Un autre écho encore plus en plaine, dans le Gard : 
"Le résumé : Depuis le début d'année, selon la FDSEA, 53 brebis ont été tuées dans les Costières. Dont 4 attaques cette semaine.
23 attaques ont été recensées sur le plateau des Costières de Nîmes. Un territoire improbable sur lequel la présence du loup est avérée depuis mai 2017, notamment grâce à cette vidéo. Les éleveurs réclament l'intervention des lieutenants de louveterie afin d'effectuer un "prélevement" du loup, autrement dit, que le loup soit abattu. En 2018 dans le Gard, le loup est à l'origine de la mort de 170 bêtes et de 50 attaques."

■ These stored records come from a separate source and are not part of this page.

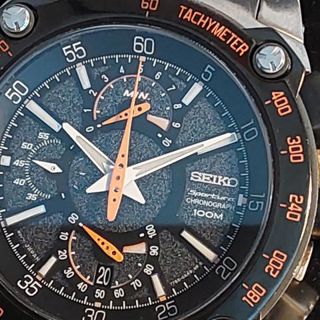 Seiko Sportura Stainless steel 2012 Italy | Dealer | EveryWatch
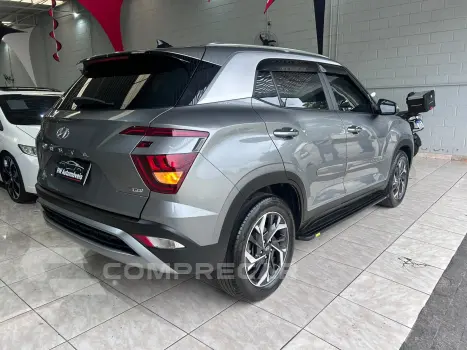 CRETA 1.0 Tgdi Limited
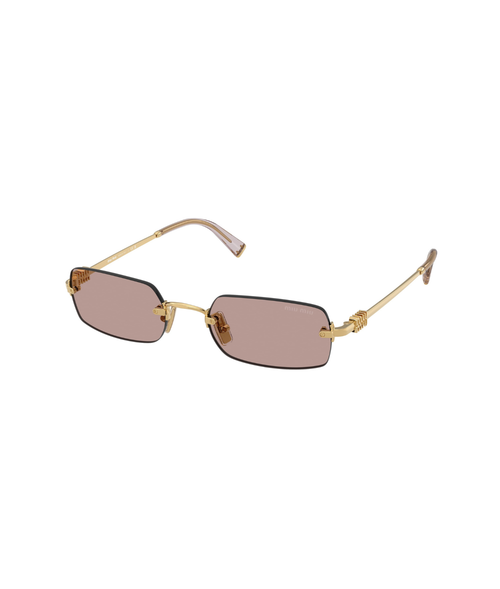 Gold-Light Purple Brown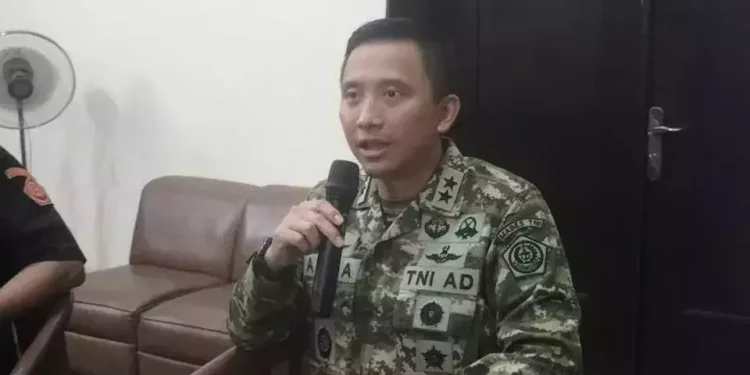 TNI Selidiki Dugaan Keterlibatan Prajurit dalam Kasus Air Keras Andrie Yunus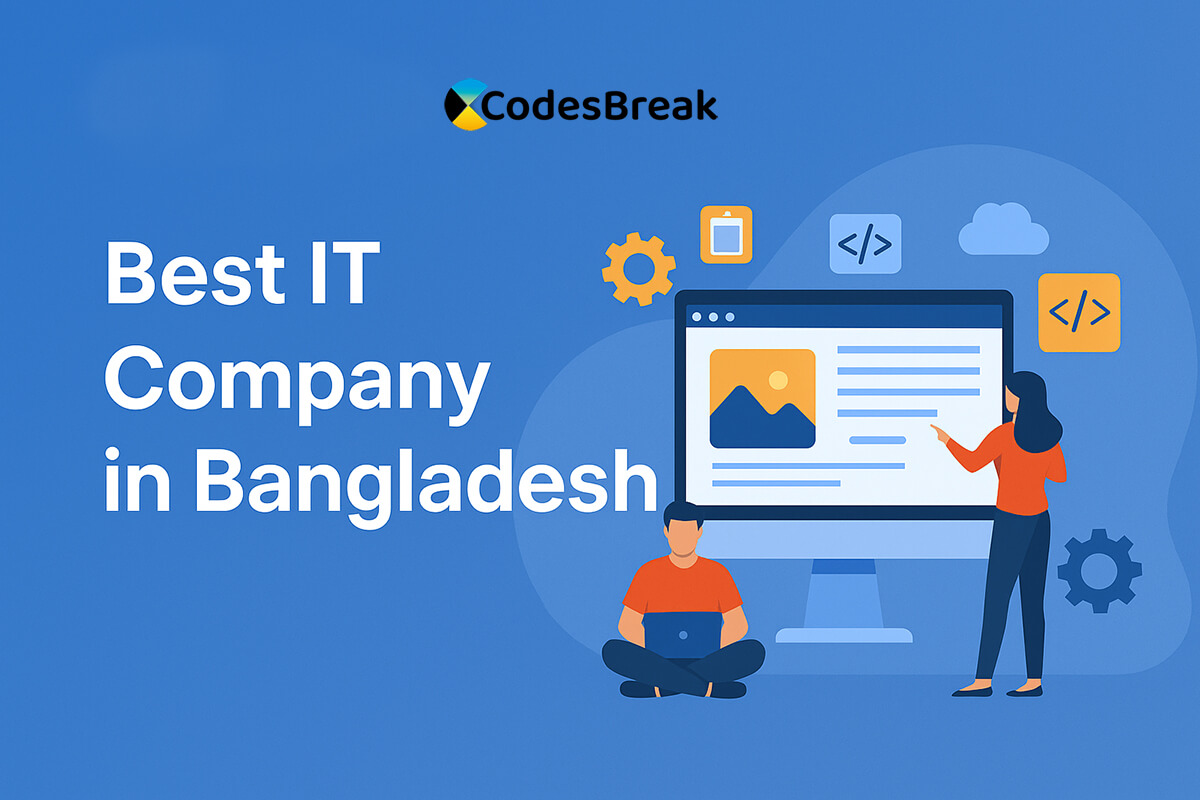 it company in bangladesh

https://www.occitanie-tribune.com/articles/12695/aude-aude-video-les-eleveurs-ovins-crient-au-loup-a-generac 

DU RÉCHAUFFÉ...

S'il nous arrive de revenir en arrière pour des pages de livre, cela semble plus compliqué concernant un blog même pour l'auteur des articles. Aussi ai-je repris plaisir à ce que j'écrivais le 30 décembre 2013... Je compte sur votre indulgence ! 

A la fin du 19ème siècle, la présence du loup était encore banale. Dans ma famille la tradition orale en atteste.   

LE RETOUR DU LOUP (publié le 30 décembre 2013)


Si un froid précoce interdit la sortie des rousilhous, le redoux qui alterne vient contrarier, aussi, cette envie de neige des gosses, quand, le nez sous l’édredon, alors qu’il gèle à pierre fendre, on aime se faire peur avec les loups des contes. Des contes et de la vraie vie aussi, pour un passé pas si lointain même si les grandes forêts ont disparu de nos paysages depuis près de mille ans.

La cuisinière ronflait tandis qu’un Cers sifflant décembre harcelait de ses bourrasques la souche de la cheminée. Certainement inspiré par cette atmosphère hivernale, l’oncle Noé, accrochant le tisonnier sur la barre après avoir garni le foyer, raconta comment notre aïeule qui partait à pied jusqu’à Narbonne, eut à se défendre un jour, entre Le Pech de la Pistole et le four à chaux de Mader, avec pour seule arme son bâton, contre les loups. Il restait encore des loups dans la Clape à la fin du XIXème siècle (1).

A propos de mon arrière-arrière grand-mère, mon père confirma :

« .. / .... Mais avant, sur la droite et en tournant à l'ancien petit jardin cultivé jadis par Pantazi (un minuscule triangle où poussait un figuier) et en montant jusqu'au point culminant cet ancien chemin de Narbonne, pris parfois par mamé Babelle pour aller voir sa fille Marie (sœur de mamé Joséphine et de tante Pauline la muette) quand elle était malade à Narbonne – mon arrière grand-mère, qui m'a raconté en languedocien un épisode du Roman de Renart alors que la fièvre due à la rougeole me clouait au lit métallique vert adossé à la cheminée du « salon » dans la chambre où je suis né et où devait mourir en février 1976, mamé Ernestine, mamé Babelle donc, épouse Paul Palazy, y allait à pied ! ... / ... » (2)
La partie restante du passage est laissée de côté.